It was refreshing to receive correspondence recently from two owners concerned about the drawn out expansion to a second retail site and the perils associated with growth at another natural foods cooperative. It was a reminder, that while all 17,000 of you may not be directly communicating with us, a great many of you care deeply about what happens. I also believe that everyone on the Board feels a deep sense of responsibility to make decisions that are not just in the best interests of current owners. We want this cooperative to grow and thrive well into the next century. With that goal in mind, let’s talk in more detail about the concept of due diligence and what the Board is doing to ensure a successful outcome, in both the short and long term.

Due diligence

In the June Reader, my fellow Board member, Jay DeNovo, described due diligence in the following manner: “Due diligence refers to the care a reasonable person should take before entering into an agreement or a transaction with another party. In the case of the second store, the Board has shown due diligence by seeking legal advice, reviewing studies related to valuation, feasibility, site selection, competitive environment and expected sales plus examining many iterations of financial and cash flow models.” While his description is entirely accurate, I would like to expand and amplify his description to illustrate how committed the Board has been to the practice of due diligence to assist Willy Street Co-op owners in their expansion efforts.

Key questions

It all started in 2005 with a request for proposal process that allowed us to look at 28 sites. Each was measured against a set of objective criteria; finalists were chosen and then a market analysis was done on three sites to assess their feasibility related to two key questions: Could Willy Street Co-op be profitable at this site and will it release pressure on the 1221 Williamson Street store?

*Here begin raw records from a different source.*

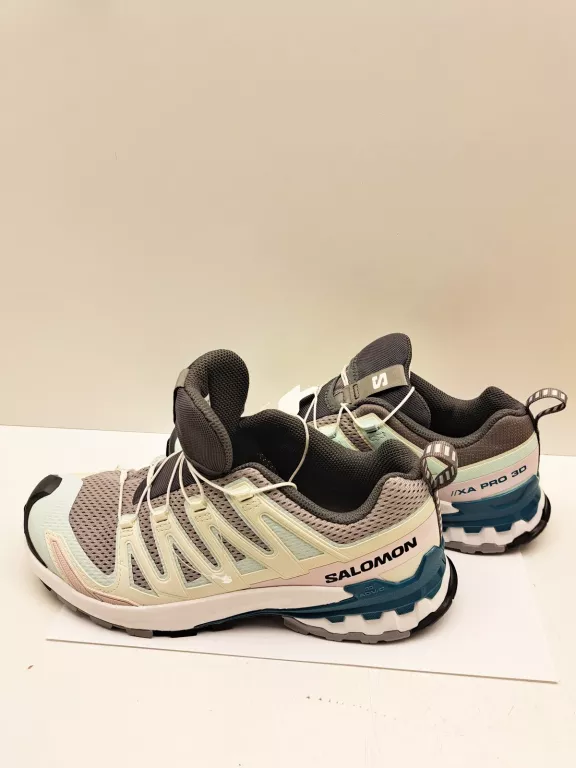 BUTY TRAILOWE DAMSKIE SALOMON XA PRO 3D V9 R.40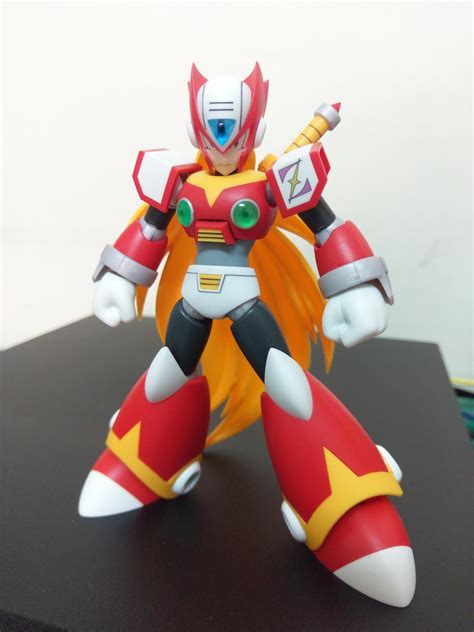 壽屋 Zero Form Rockman X Ghrgun的創作 巴哈姆特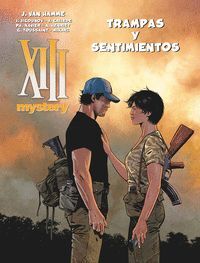 XIII MYSTERY #14.TRAMPAS Y SENTIMIENTOS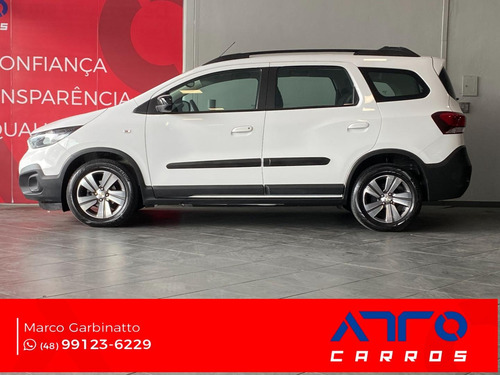 Chevrolet Spin 1.8l At Act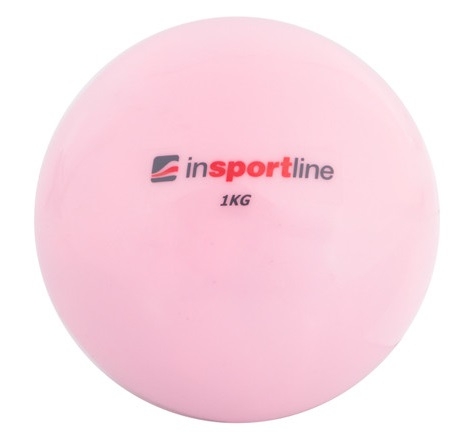 Minge inSPORTline Yoga 1 Kg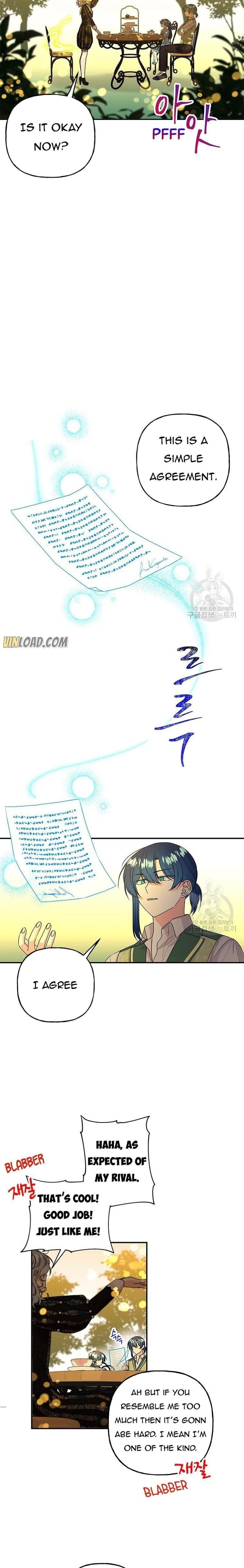 The Archmage’s Daughter Chapter 98 - Page 8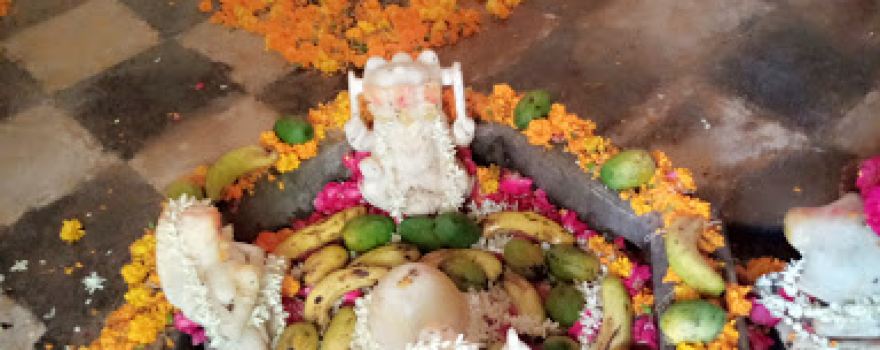 CHHECHHI MAA TEMPLE KHERA PARSOLI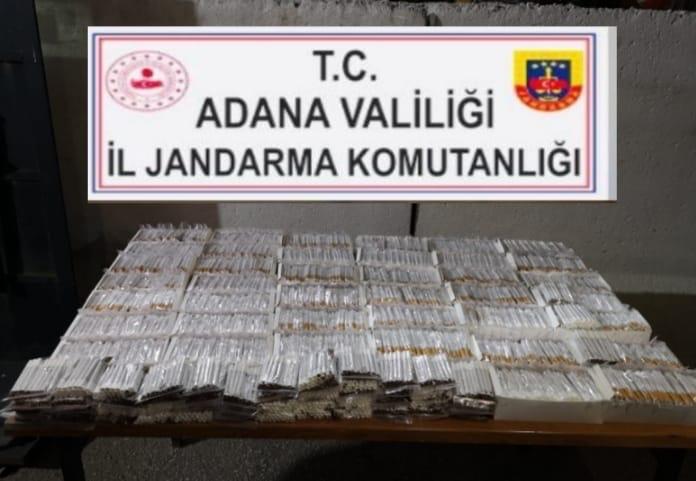 Kısıtlamada jandarma operasyonları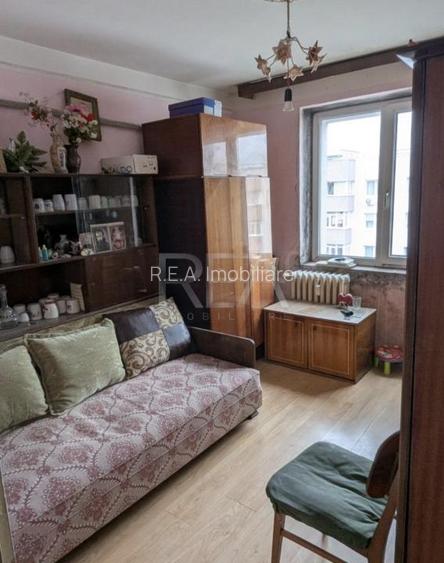 3 camere, bloc 1984, anvelopat-Bdul Ghencea - 3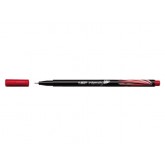 FINELINER BIC INTENSITY 0.4MM ROOD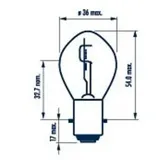 Narva Glühlampe, 495313000
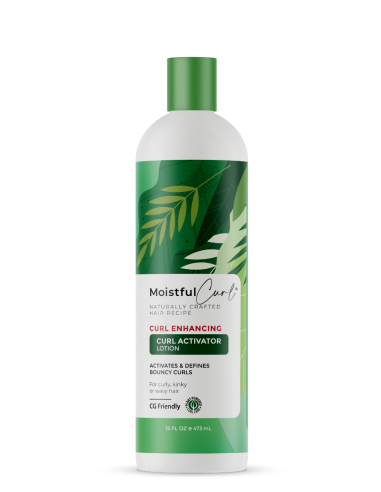 Moistful Curl  Curl Activator Lotion...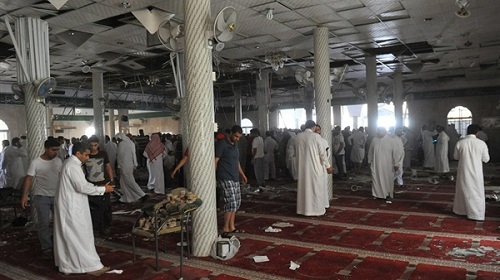 المشهد الكويتي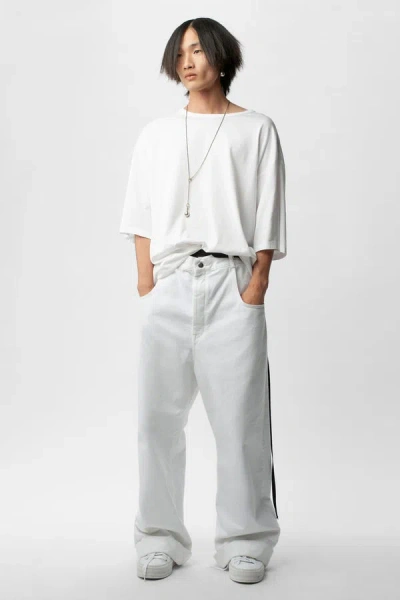 Ann Demeulemeester Dieter High Comfort T Shirt
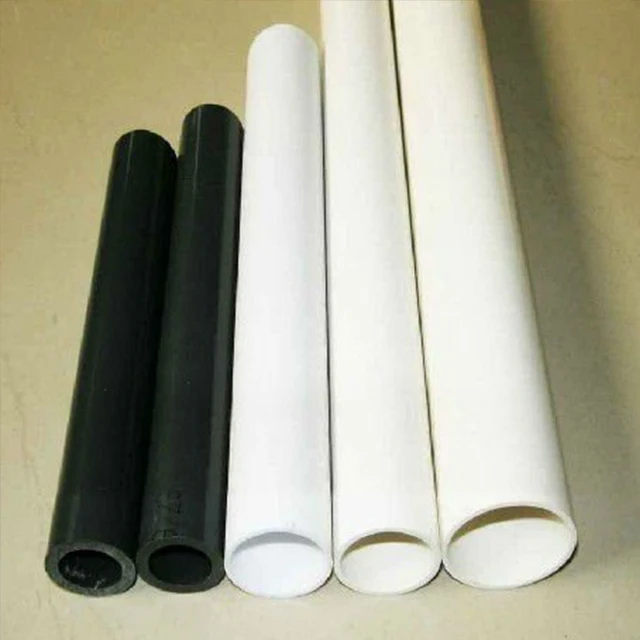 With All Colors Plastic Materials Durable Protecting Cable Underground Pipe Prices Ppr Pvc Pipes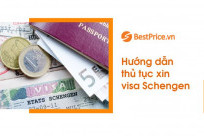Thủ Tục Xin Visa Du Lịch Châu Âu Schengen từ A đến Z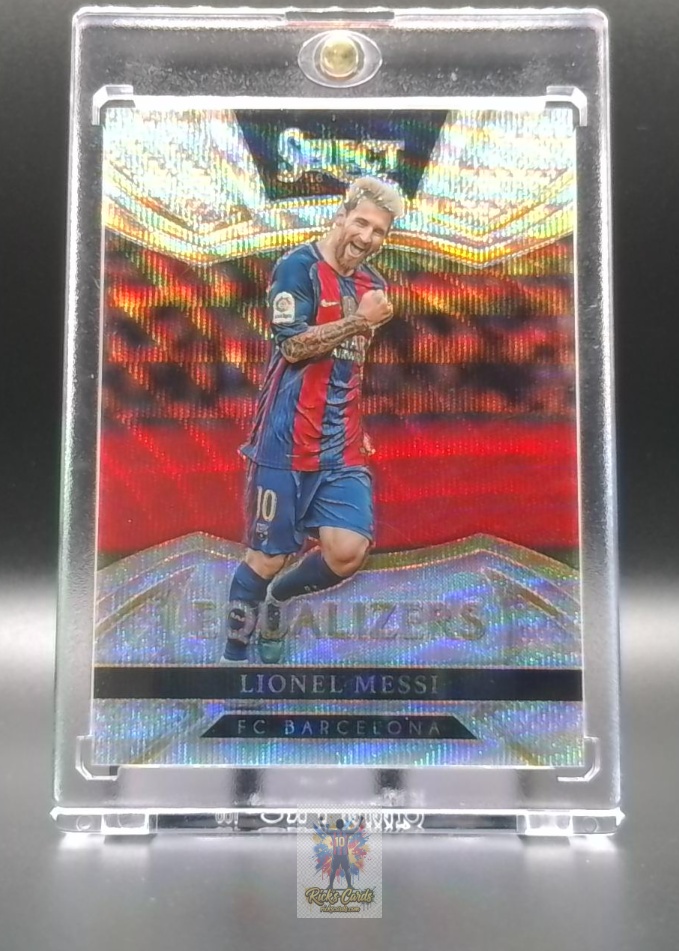 2016-17 Panini Select - Equalizers 112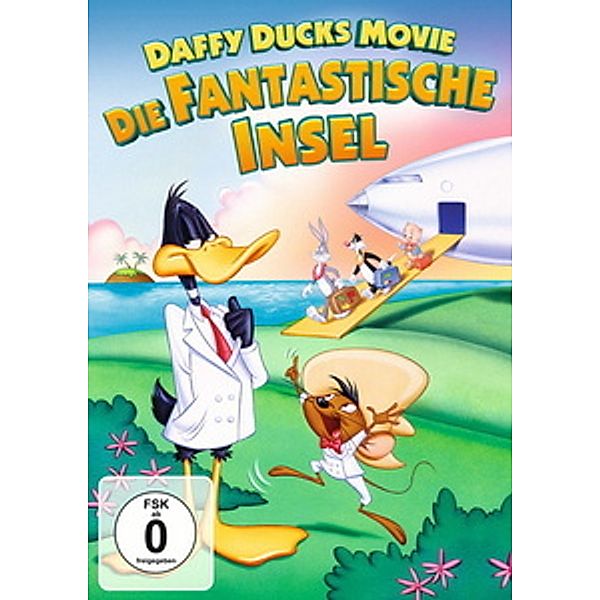 Daffy Duck - Die fantastische Insel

Metropolitan Place II (MPII) was clearly the best choice; and in spring of 2007 it was decided to proceed with locating a retail store at Metropolitan Place II (MPII). The Co-op entered into negotiations with the developer and despite extensive legal advice, countless meetings with contractors to understand our build-out costs and limitations, intense negotiations with the potential landlord to get the best possible lease terms, and many meetings with staff to examine cash flow models, problems with the developer surfaced and we were unable to complete the project. In January 2008, the Co-op learned the developer was unable to deliver on his financial commitments as outlined in the initial agreement. In February 2008 the Board decided to terminate the lease with the developer and pull back from our initial decision to proceed at this site. Our decision to pull back was not only prudent, it also provided a valuable breather for the staff and Board to regroup, learn from the experience, and move forward.

Outside professionals

Since that time a number of important things have taken place. We have used an outside accounting firm to assist us in calculating our losses and put together a plan to recapture taxes paid in prior years to offset current losses. When the opportunity arose to take another look at MPII, we again updated our market analysis (for the third time) to reassure ourselves that the site still had the economic feasibility that we were searching for in a second site. That hurdle cleared, we have engaged in conversation with the court appointed Receiver to discuss a renegotiated lease. We continue to use legal counsel to review all documents and advise us in matters of real estate law. Where it will lead to is not yet known, but I can assure you we are better prepared to see danger signs and have an experienced team of outside professionals looking at every aspect of our negotiations.

Project management

Internally, we asked management to engage in the painful process of staff cutbacks in order to return to profitability and ensure a strong financial foundation for eventual expansion. Once that was accomplished, management prepared a project management plan that will be used when we do finally have a deal. That plan calls for a hiring an internal project manager to help control costs and ensure deadlines are met and a construction manager to deal with the challenges and complexities that are inevitable with any large remodeling project.

Diligence and patience

I hope that you will maintain a perspective that sees the Cooperative as a highly successful natural foods grocery business. On the other hand, real estate development and large construction projects are not two of our core competencies. They may well be someday, but they are not yet. Hence we are relying on top quality professionals in key areas to help us out. Once we do have a second store, we know how to run a store, build a business from the ground up, and people like our mission and products. We just need the right opportunity to practice what we do best. All it takes is diligence and patience. The staff and Board are displaying both and we hope you will too.